Gattuso carica i suoi ragazzi alla vigilia del match di domenica sera alle 20:45 a Reggio Emilia contro il Sassuolo, entrando nella testa dei calciatori per far sì che assimilino velocemente le sue conoscenze tattiche e che si sentano di nuovo tutti calciatori forti.

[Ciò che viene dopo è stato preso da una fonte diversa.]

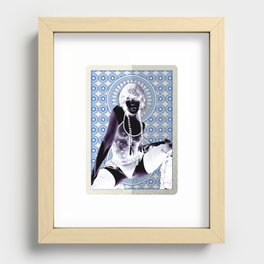 Card Playing Recessed Framed Print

Il nuovo allenatore del Napoli ci tiene a sottolineare quanto sia importante che la squadra ritrovi sé stessa soprattutto per quanto riguarda l’aspetto dell’autostima, e in questo ambito Rino è certo che debba lavorare poco perché questa rosa è composta da ottimi calciatori che una volta consapevoli di ciò non avranno problemi a ritrovare la via della vittoria. Contestualmente Gattuso sta lavorando dal punto di vista tattico per inculcare idee e convinzioni di calcio differenti dalle precedenti, partendo dal 4-3-3 e passando per un palleggio ed una manovra imbastita dal basso ma con raziocinio ed equilibrio (mai due terzini ali). Indubbiamente la rinascita del Napoli passa per la testa e i piedi dei calciatori, i quali sono più consapevoli di essere stati i primi attori di questo dramma partenopeo, dentro e fuori dal campo, con prestazioni di scarso livello qualitativo e di intensità agonistica. Quest’ultimo aspetto manchevole, in questi mesi di buio assoluto, è il trait d’union tra la gestione Ancelotti e quella di Gattuso, infatti entrambi i tecnici battono spesso su questo fondamentale. Se Carlo, alla fine della scorsa stagione, indicava l’intensità come quella qualità da andare a ricercare a tutti costi nella sessione estiva di calciomercato, è plausibile pensare che nella rosa manchi questa caratteristica così centrale nei piani dei due tecnici azzurri. Rino, allora lavorando sulla testa dei suoi, cercherà di far emergere anche questa qualità tenendo contro che tra meno di due settimane inizierà il mercato di gennaio.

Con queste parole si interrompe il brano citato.